==== Collected data

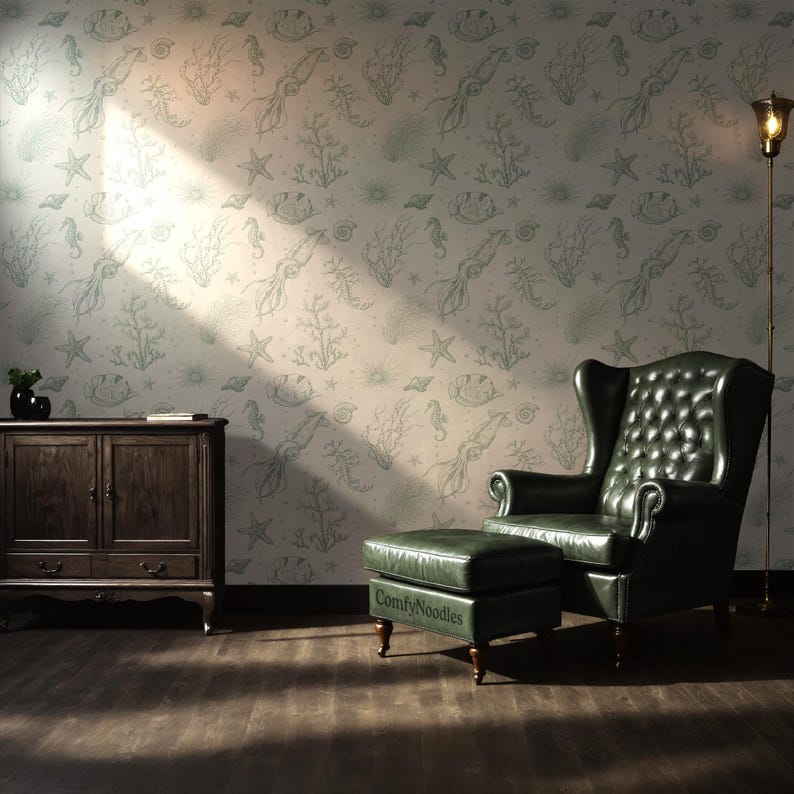 May include: A living room with a green leather armchair and ottoman in front of a wall with a light green and white wallpaper featuring a repeating pattern of sea creatures, including squid, seahorses, and starfish.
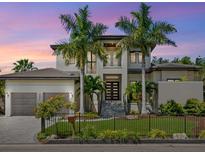 Stunning two-story home showcasing a meticulously landscaped front yard and modern architectural design at 4940 Peaceable Way, Sarasota, FL 34242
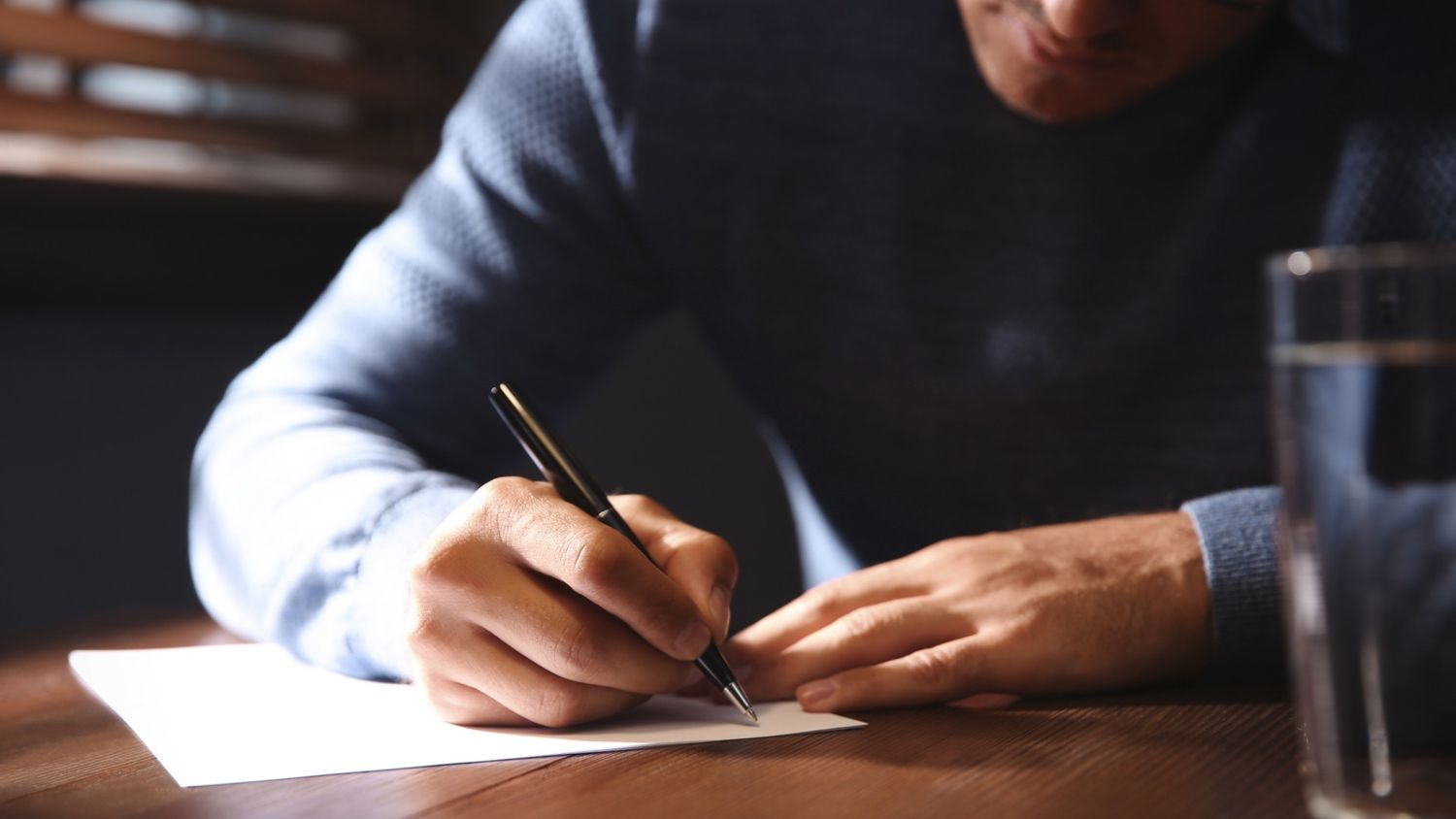 Someone writing on paper with a pen while seated at a desk near a window.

========

Transcribe the material above in full. No picture is to be copied.

 May include: A living room with a green leather armchair and ottoman in front of a wall with a light green and white wallpaper featuring a repeating pattern of sea creatures, including squid, seahorses, and starfish.
 Stunning two-story home showcasing a meticulously landscaped front yard and modern architectural design at 4940 Peaceable Way, Sarasota, FL 34242
 Someone writing on paper with a pen while seated at a desk near a window.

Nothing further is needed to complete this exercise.